Hwang entered the plea today in federal court in Newark, New Jersey, admitting Tiger Asia agreed to be “brought over the wall” in a scheme to get material, nonpublic information about Bank of China Ltd. shares in December 2008 and January 2009.

“It appears that the gist of the scheme was to use that nonpublic information in order to sell shares in short sales,” U.S. District Judge Stanley Chesler said at the plea hearing. Chesler placed Tiger Asia on probation for one year, and said the $16.3 million represents the total illicit gain.

“Tiger Asia regrets the actions for which it accepts responsibility today and is grateful that this matter is now resolved and behind it in the U.S.,” Hwang said in a statement.

The plea was “negotiated at length,” Tiger Asia attorney Lawrence Lustberg told Chesler, saying the entire amount was paid today. “It reflects a just resolution of this matter.”

Tiger Asia will separately resolve a U.S. Securities and Exchange Commission lawsuit, Lustberg said in an interview, adding that all investor capital has been returned.

In August, the hedge fund said it was returning outside capital to investors amid a three-year probe by Hong Kong regulators. The fund, founded in January 2001, had produced annual returns averaging 16 percent since inception.

Denied Allegations

Hong Kong’s Securities and Futures Commission alleged the hedge fund traded on inside information from bankers arranging placements of China Construction Bank Corp. and Bank of China Ltd. shares in 2008 and 2009, pocketing HK$38.5 million ($5 million). Tiger Asia, which has no employees and physical presence in Hong Kong, denied the allegations in an Oct. 12, 2010, letter to investors.
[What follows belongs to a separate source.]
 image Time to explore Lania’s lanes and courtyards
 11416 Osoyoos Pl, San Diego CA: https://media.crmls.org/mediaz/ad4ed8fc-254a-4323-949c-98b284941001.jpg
The firm told clients later that month that it had received a subpoena from the U.S. Securities and Exchange Commission following the allegations by the Hong Kong regulator.

Hwang earned an undergraduate degree in economics from the University of California, Los Angeles, and a master’s in business administration from Carnegie Mellon University in Pittsburgh.

In the early 1990s, he was an institutional stock salesman at Hyundai Securities Co., where he dealt with Julian Robertson’s Tiger Management LLC.

Assets Cut

Robertson, a pioneer and mentor in the hedge-fund industry, hired him in 1995 after Hwang won an annual prize awarded to the person outside of Tiger who had contributed most to the fund’s success.

Robertson built Tiger Management into one of the world’s largest hedge funds by generating average annual returns of 32 percent, lifting his assets under management to $22 billion by mid-1998. After customer defections and losses cut Tiger’s assets to $6 billion two years later, Robertson decided to return money to clients and employ Tiger Management to invest his own fortune in hedge-fund managers, taking a share of profits in exchange.

Tiger Management has employed at least 40 portfolio managers and analysts who subsequently formed their own firms and became known as Tiger cubs. Those he seeded after 2000 with his own capital are known as “grand cubs.”